* Problem
Retype only the lines below from the one with "Marble Fountain with Lion Statue" to the one with "Alkoru 1 kg", inclusive, skipping every image.

* Data
'''
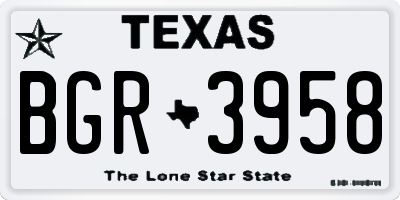 TX license plate BGR3958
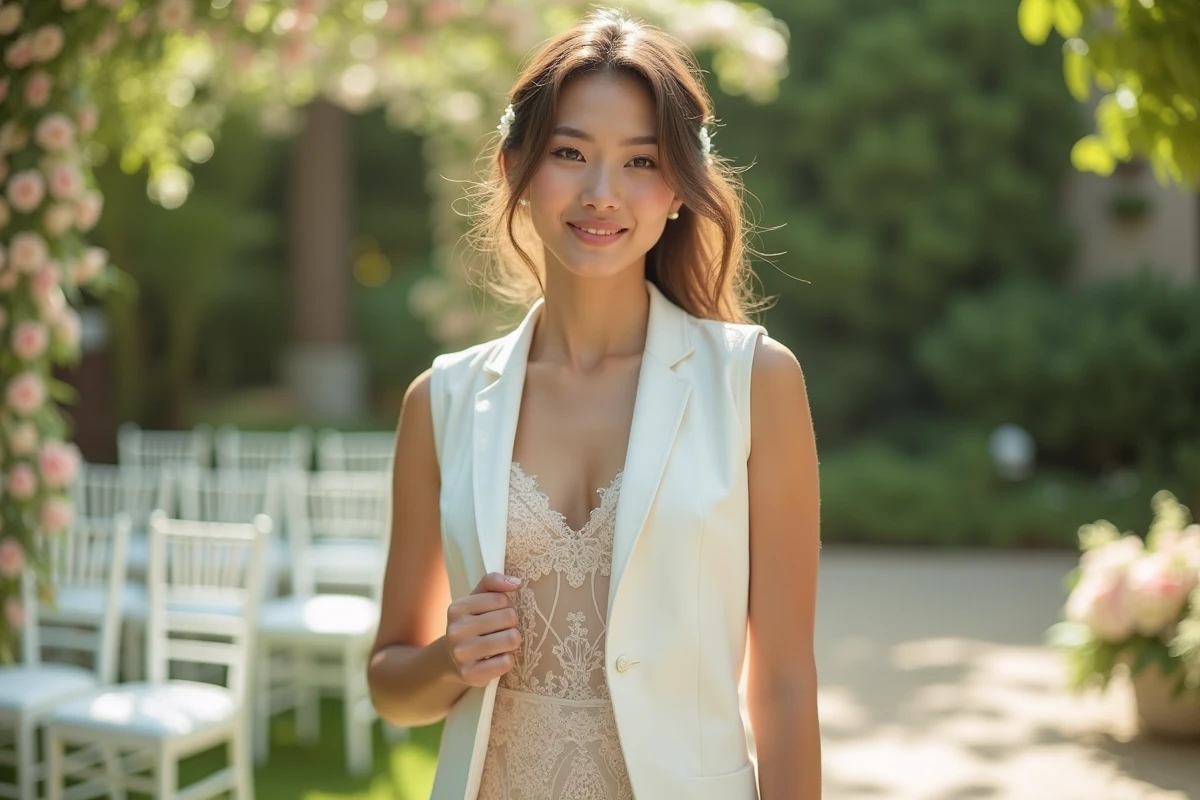 Jeune femme en robe pastel ajustant sa veste de mariée dans un jardin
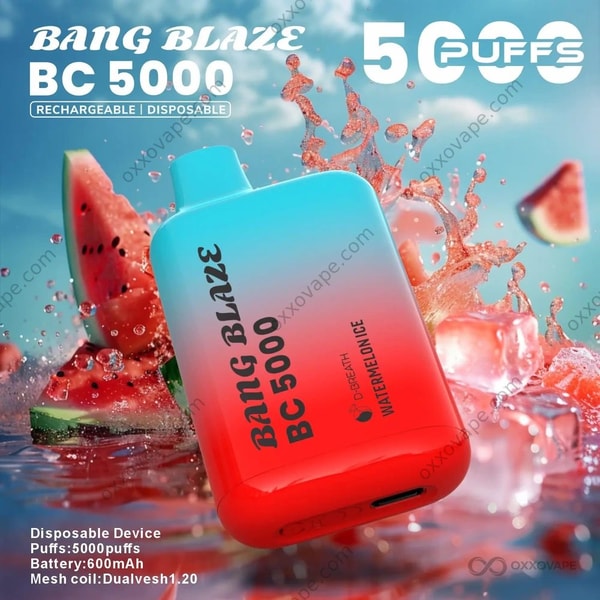 Smaakdoosje Watermeloenijs voor Bang Blaze BC5000 vape met frisse groene en roze watermeloenillustraties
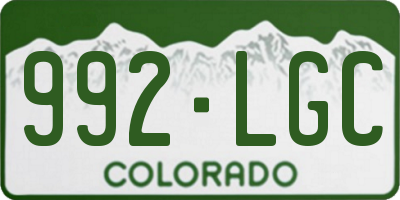 CO license plate 992LGC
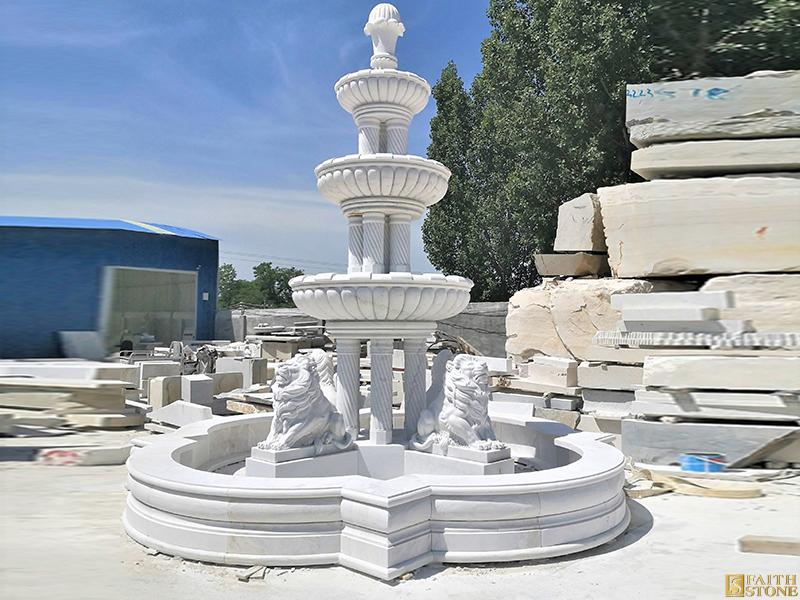 Marble Fountain with Lion Statue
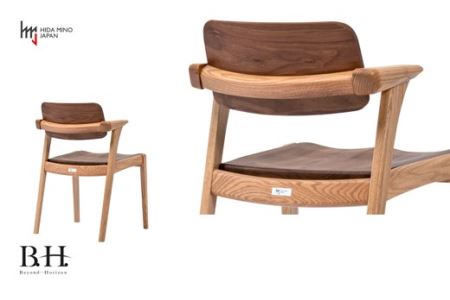 D145-03 B.H.ダイニングチェア（ショートアーム）【オーク材+ウォルナット材】JBH-DCX201A PNO+W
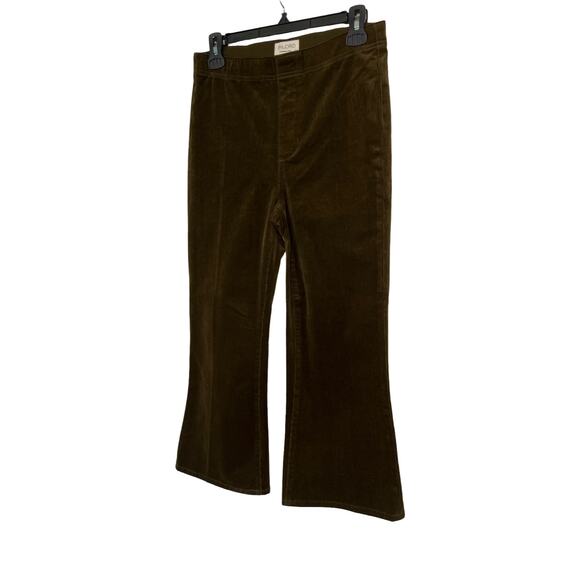 Pilcro Brown Corduroy Flare Cropped Pants Women’s Size S Stretch Cotton Velvet - Picture 2 of 9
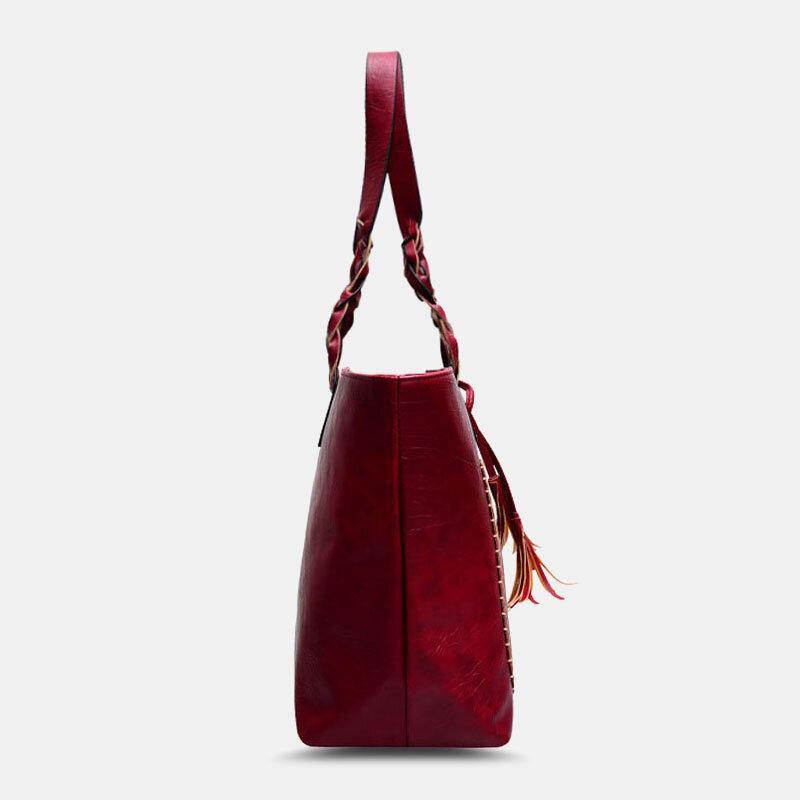 Bolso de hombro con asa tejida de gran capacidad con decoración de borlas para mujer 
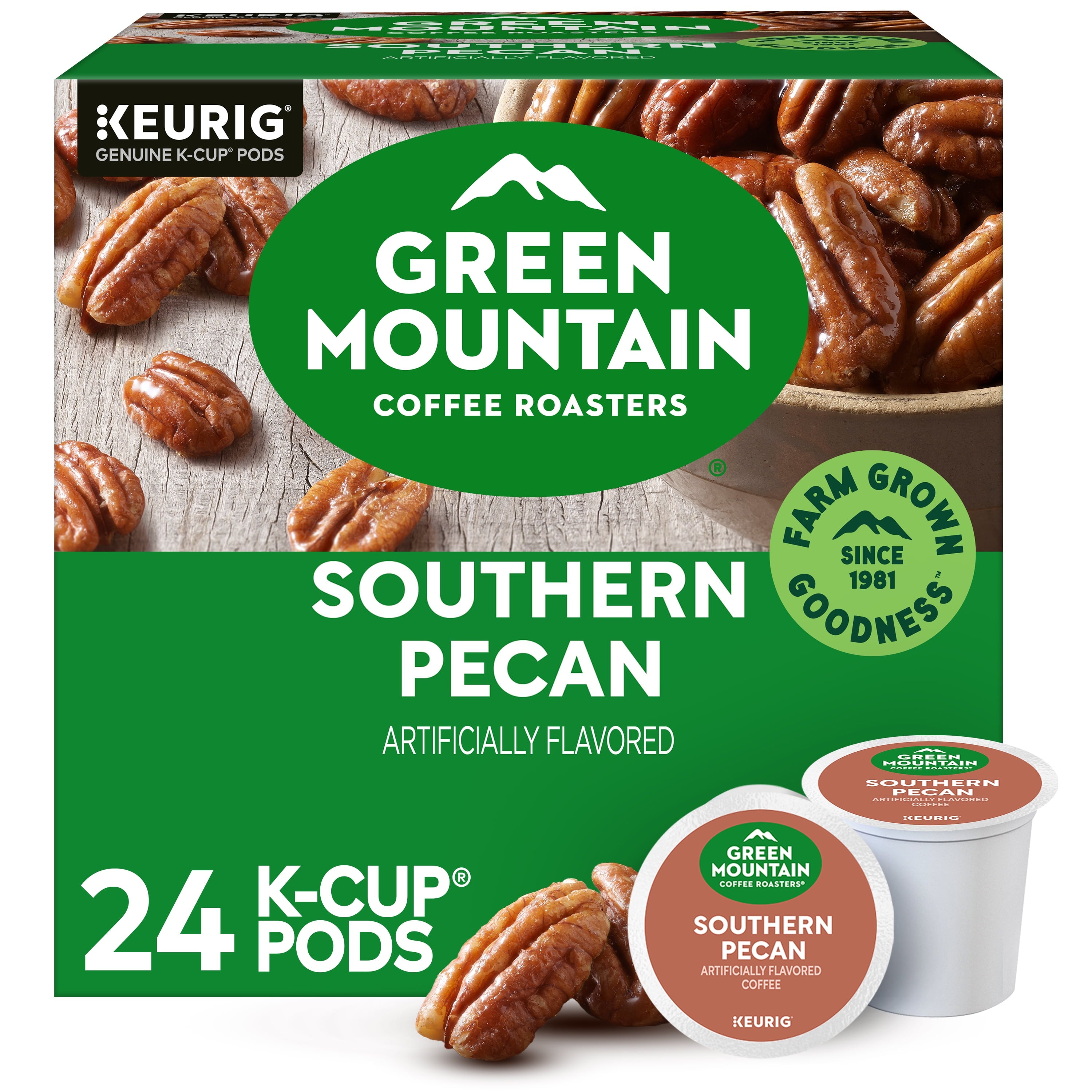 Green Mountain Coffee Southern Pecan - Flavored Keurig K-Cup Coffee Pods, Light Roast, 24 Count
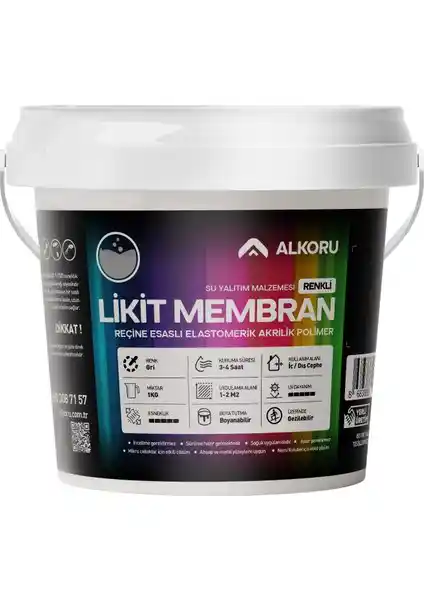 Alkoru 1 kg Gri Likit Membran ile Güvenilir Su Yalıtımı Çözümü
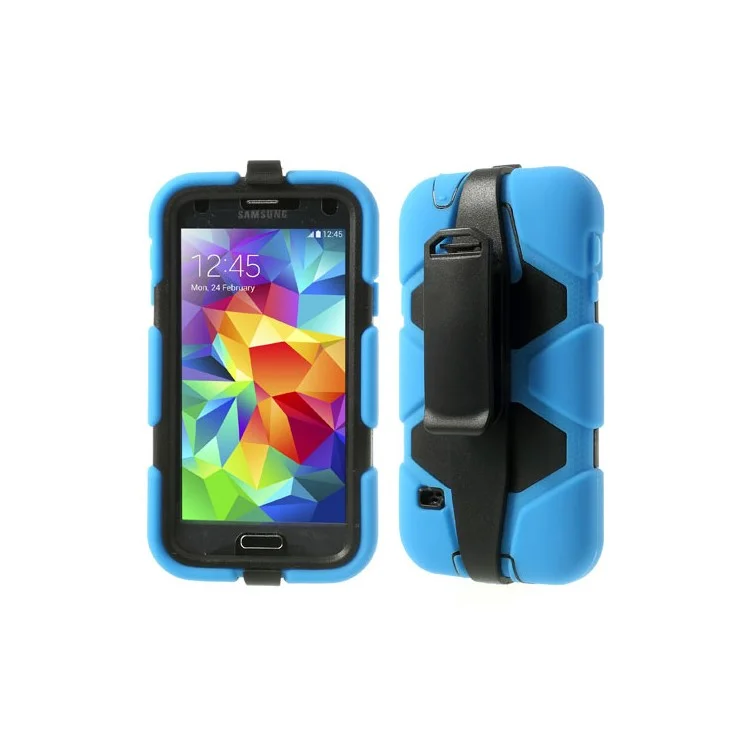 For Samsung Galaxy SV GS 5 3 in 1 Military Duty Silicone & PC Hybrid Cover w/ Belt Clip - Blue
'''
* Task solution
 Marble Fountain with Lion Statue
 D145-03 B.H.ダイニングチェア（ショートアーム）【オーク材+ウォルナット材】JBH-DCX201A PNO+W
 Pilcro Brown Corduroy Flare Cropped Pants Women’s Size S Stretch Cotton Velvet - Picture 2 of 9
 Bolso de hombro con asa tejida de gran capacidad con decoración de borlas para mujer 
 Green Mountain Coffee Southern Pecan - Flavored Keurig K-Cup Coffee Pods, Light Roast, 24 Count
 Alkoru 1 kg Gri Likit Membran ile Güvenilir Su Yalıtımı Çözümü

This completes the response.